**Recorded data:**
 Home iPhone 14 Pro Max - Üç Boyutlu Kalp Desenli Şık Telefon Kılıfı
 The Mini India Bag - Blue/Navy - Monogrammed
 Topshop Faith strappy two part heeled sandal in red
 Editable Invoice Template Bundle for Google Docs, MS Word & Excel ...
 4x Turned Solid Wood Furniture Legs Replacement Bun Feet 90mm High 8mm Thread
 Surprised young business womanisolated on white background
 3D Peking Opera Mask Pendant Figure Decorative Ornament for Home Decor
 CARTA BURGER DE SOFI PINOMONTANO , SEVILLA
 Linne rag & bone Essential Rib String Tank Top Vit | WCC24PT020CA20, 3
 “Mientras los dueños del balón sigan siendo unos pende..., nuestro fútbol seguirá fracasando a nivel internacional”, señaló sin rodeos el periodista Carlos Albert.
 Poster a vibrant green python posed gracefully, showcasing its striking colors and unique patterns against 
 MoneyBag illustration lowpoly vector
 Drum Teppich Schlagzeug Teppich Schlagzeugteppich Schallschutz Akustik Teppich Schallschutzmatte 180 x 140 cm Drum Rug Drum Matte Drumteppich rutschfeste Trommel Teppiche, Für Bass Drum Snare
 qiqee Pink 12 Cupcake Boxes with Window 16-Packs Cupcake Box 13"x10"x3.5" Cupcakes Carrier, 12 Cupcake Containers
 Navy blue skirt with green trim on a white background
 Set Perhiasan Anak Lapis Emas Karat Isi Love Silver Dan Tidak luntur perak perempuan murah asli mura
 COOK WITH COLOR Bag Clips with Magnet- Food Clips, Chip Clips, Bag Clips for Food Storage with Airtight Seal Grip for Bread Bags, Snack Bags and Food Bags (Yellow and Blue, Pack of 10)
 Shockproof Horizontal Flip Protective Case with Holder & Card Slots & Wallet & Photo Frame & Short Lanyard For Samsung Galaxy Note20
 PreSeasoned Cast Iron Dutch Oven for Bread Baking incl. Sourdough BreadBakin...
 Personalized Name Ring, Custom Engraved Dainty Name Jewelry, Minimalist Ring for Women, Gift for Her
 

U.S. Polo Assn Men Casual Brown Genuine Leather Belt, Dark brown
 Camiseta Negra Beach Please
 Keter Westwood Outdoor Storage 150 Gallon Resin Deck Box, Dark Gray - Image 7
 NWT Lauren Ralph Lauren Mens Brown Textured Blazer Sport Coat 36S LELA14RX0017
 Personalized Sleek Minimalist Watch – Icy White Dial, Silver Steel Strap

**YOUR GOAL:**
Would you return all of the data exactly as it stands above?

**ANSWER SECTION:**
 Home iPhone 14 Pro Max - Üç Boyutlu Kalp Desenli Şık Telefon Kılıfı
 The Mini India Bag - Blue/Navy - Monogrammed
 Topshop Faith strappy two part heeled sandal in red
 Editable Invoice Template Bundle for Google Docs, MS Word & Excel ...
 4x Turned Solid Wood Furniture Legs Replacement Bun Feet 90mm High 8mm Thread
 Surprised young business womanisolated on white background
 3D Peking Opera Mask Pendant Figure Decorative Ornament for Home Decor
 CARTA BURGER DE SOFI PINOMONTANO , SEVILLA
 Linne rag & bone Essential Rib String Tank Top Vit | WCC24PT020CA20, 3
 “Mientras los dueños del balón sigan siendo unos pende..., nuestro fútbol seguirá fracasando a nivel internacional”, señaló sin rodeos el periodista Carlos Albert.
 Poster a vibrant green python posed gracefully, showcasing its striking colors and unique patterns against 
 MoneyBag illustration lowpoly vector
 Drum Teppich Schlagzeug Teppich Schlagzeugteppich Schallschutz Akustik Teppich Schallschutzmatte 180 x 140 cm Drum Rug Drum Matte Drumteppich rutschfeste Trommel Teppiche, Für Bass Drum Snare
 qiqee Pink 12 Cupcake Boxes with Window 16-Packs Cupcake Box 13"x10"x3.5" Cupcakes Carrier, 12 Cupcake Containers
 Navy blue skirt with green trim on a white background
 Set Perhiasan Anak Lapis Emas Karat Isi Love Silver Dan Tidak luntur perak perempuan murah asli mura
 COOK WITH COLOR Bag Clips with Magnet- Food Clips, Chip Clips, Bag Clips for Food Storage with Airtight Seal Grip for Bread Bags, Snack Bags and Food Bags (Yellow and Blue, Pack of 10)
 Shockproof Horizontal Flip Protective Case with Holder & Card Slots & Wallet & Photo Frame & Short Lanyard For Samsung Galaxy Note20
 PreSeasoned Cast Iron Dutch Oven for Bread Baking incl. Sourdough BreadBakin...
 Personalized Name Ring, Custom Engraved Dainty Name Jewelry, Minimalist Ring for Women, Gift for Her
 

U.S. Polo Assn Men Casual Brown Genuine Leather Belt, Dark brown
 Camiseta Negra Beach Please
 Keter Westwood Outdoor Storage 150 Gallon Resin Deck Box, Dark Gray - Image 7
 NWT Lauren Ralph Lauren Mens Brown Textured Blazer Sport Coat 36S LELA14RX0017
 Personalized Sleek Minimalist Watch – Icy White Dial, Silver Steel Strap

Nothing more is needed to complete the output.